If we accept the situation rather than resist it, we will be able to think more clearly and create better solutions. We will also be able to encourage everyone involved to assist rather than protect themselves from punishment.
Acceptance does not mean that we won’t have a thorough enquiry when the crisis has passed. It means that we will focus on the best solution and also ensure that the situation does not occur again.
Blame and shame won’t help to solve any problem. Immediate acceptance of that is happening and a rational approach to problem solving is much more likely to be helpful in solving any problem. Even people who caused the problem are more likely to assist if they are not blamed as the first step to finding a solution. They can be part of the solution rather than continue to be seen as part of the problem.

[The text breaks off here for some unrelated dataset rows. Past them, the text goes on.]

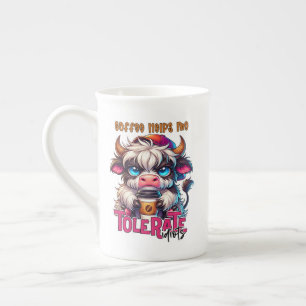 Taza De Porcelana El café me ayuda a tolerar a los idiotas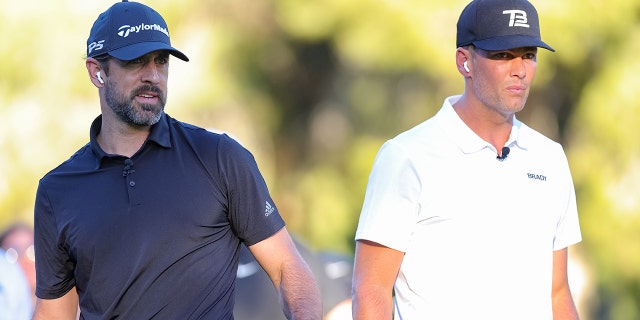 Tom Brady y Aaron Rodgers se paran en el tee de salida durante The Match VI de Capital One - Brady & Rodgers vs. Allen & Mahomes en Wynn Golf Club el 1 de junio de 2022 en Las Vegas.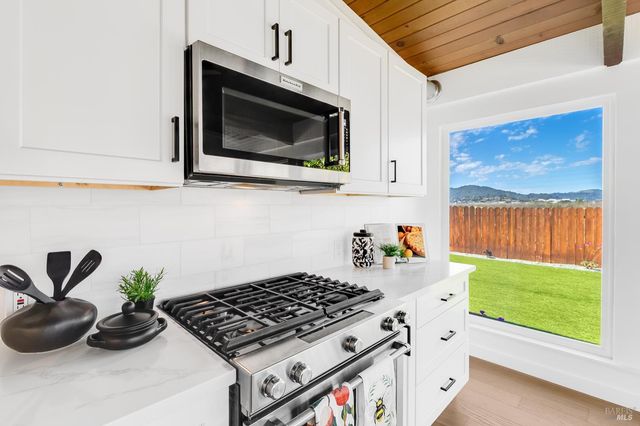 17 Channel Dr, Corte Madera, CA 94925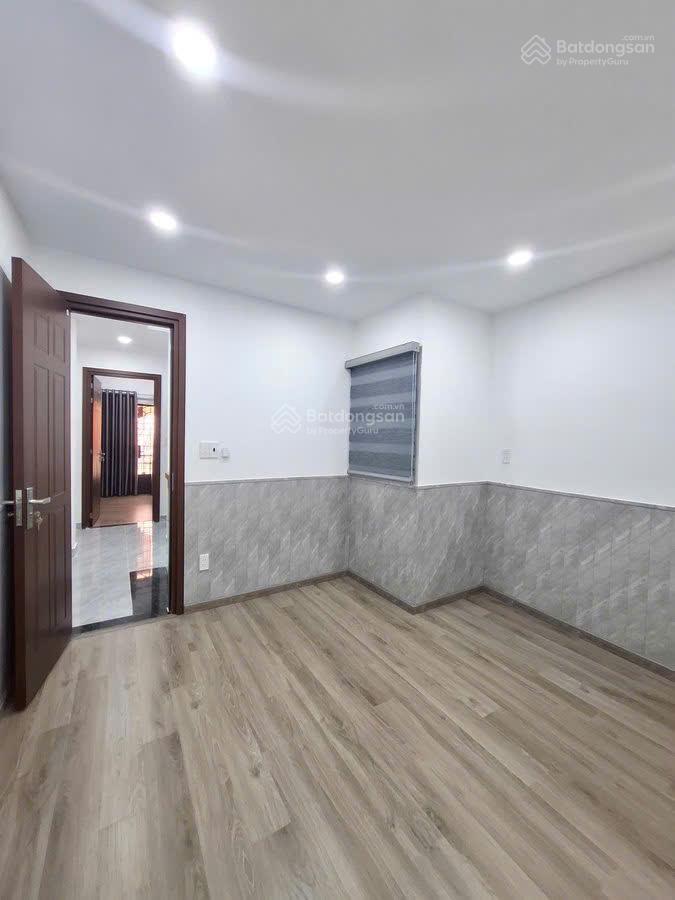 Bán nhà đẹp tặng full nội thất lạc long quân  tân bình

Imagine you ask someone to do something which they have done already. They make take offence and hear your request as criticism. They may think they don’t need to be reminded to do what you asked. They may even react as if you have called them stupid or unreliable. Maybe their reaction surprises you as you thought you were only trying to be helpful. You have obviously touched an existing bruise. What next? You could react yourself as if you are being attacked. Now we have two people reacting and out of their minds. An alternative is to pause and put space between their reaction and your response. This gives you a chance to consider a response that will calm the situation. You also have a chance to examine your first responses or thoughts. You can thank your mind for coming up with a response so quickly. You don’t have to accept it. Before delivering the first response consider whether it will help the situation.This pause will help you choose the best response rather than shoot from the hip and have to apologise in the future. They may even see their reaction more clearly if they don’t get resistance. This won’t happen if you push back. Try a question.
Try asking this question when people tell you they have a problem. Emphasise the word NOW. Maybe insert ‘At the moment”. I find that most problems are coming from the past or haven’t happened yet. For example, someone could be worried about something they did in the past or are worried about an uncertain future. If you encourage them to be present you can follow up with ‘Is there anything you can do NOW?’ If there is nothing they can do immediately, suggest that they move to accepting the situation until they can act. In truth, the only time anyone can act is at the present time. Usually the problem is not the actual problem but rather thinking about the problem. If you don’t think about the problem, it goes away. A good way of not thinking about the problem is to focus on your internal or external situation. Focus on your breathing or focus on what is happening around you without any labelling. Try it next time someone tells you they have a problem.
Imagine you lost your mobile. Do you now have a stream of negative thoughts like ‘My memory is failing’.’This shouldn’t be happening’.’I am having a bad day’ ? This is the daisy chain. Misplacing your phone has happened. The daisy chain often follows and makes the situation worse. It is very difficult to stop the negative thoughts especially if you are tired or stressed. Something you can do is to identify that it is your mind that is churning out the unhelpful thoughts and not you. This is the pause that helps. Try saying ‘Here goes my mind again.’ Let the thoughts pass by without engaging them or believing them. They are seldom true and not coming from you. They are background noise. You are the person who is aware of these random thoughts. Try it.